What needs to be done: After locating the line with "Hi and welcome." below, output it and each following line exactly, stopping after the line with "I prefer to". No pictures.

Exercise data:
______
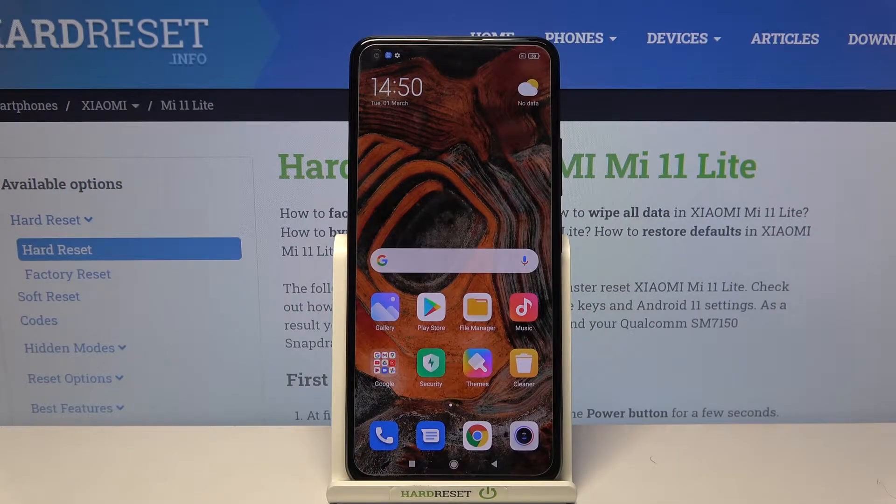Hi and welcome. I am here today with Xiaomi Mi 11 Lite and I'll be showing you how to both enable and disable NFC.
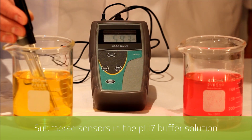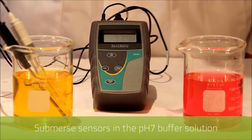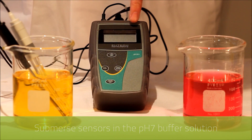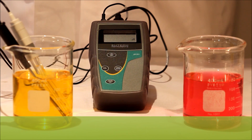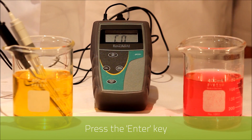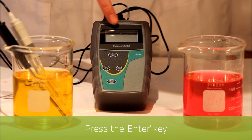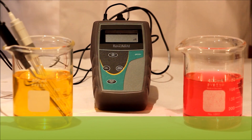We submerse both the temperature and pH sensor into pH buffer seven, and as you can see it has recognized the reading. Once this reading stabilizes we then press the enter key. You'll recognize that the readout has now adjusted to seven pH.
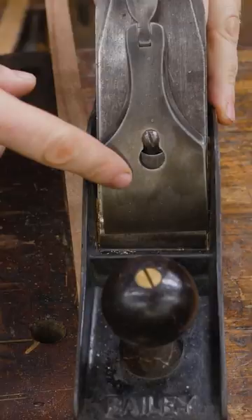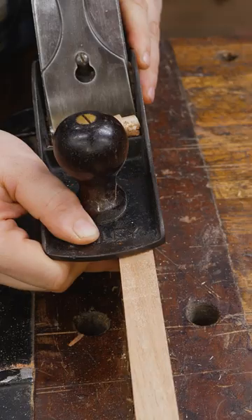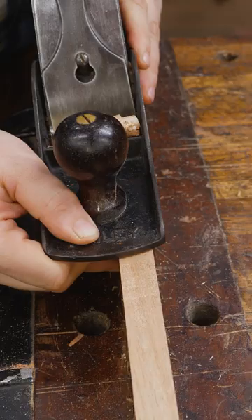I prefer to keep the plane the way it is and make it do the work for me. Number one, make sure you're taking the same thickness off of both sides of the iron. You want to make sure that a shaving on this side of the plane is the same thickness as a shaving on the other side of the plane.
______
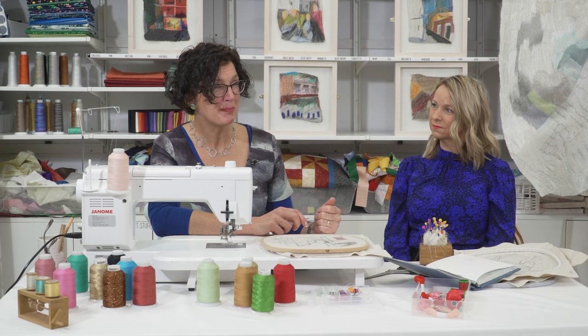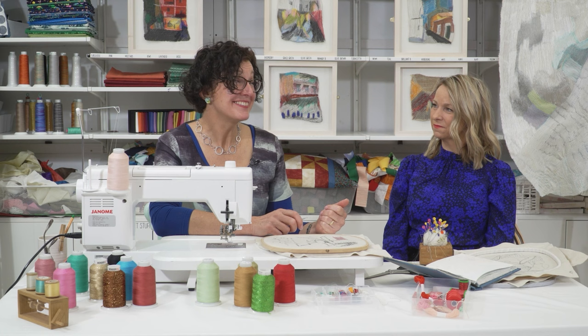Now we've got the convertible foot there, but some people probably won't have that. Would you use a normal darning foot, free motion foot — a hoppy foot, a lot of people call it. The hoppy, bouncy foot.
______
Answer:
Hi and welcome. I am here today with Xiaomi Mi 11 Lite and I'll be showing you how to both enable and disable NFC.
We submerse both the temperature and pH sensor into pH buffer seven, and as you can see it has recognized the reading. Once this reading stabilizes we then press the enter key. You'll recognize that the readout has now adjusted to seven pH.
I prefer to keep the plane the way it is and make it do the work for me. Number one, make sure you're taking the same thickness off of both sides of the iron. You want to make sure that a shaving on this side of the plane is the same thickness as a shaving on the other side of the plane.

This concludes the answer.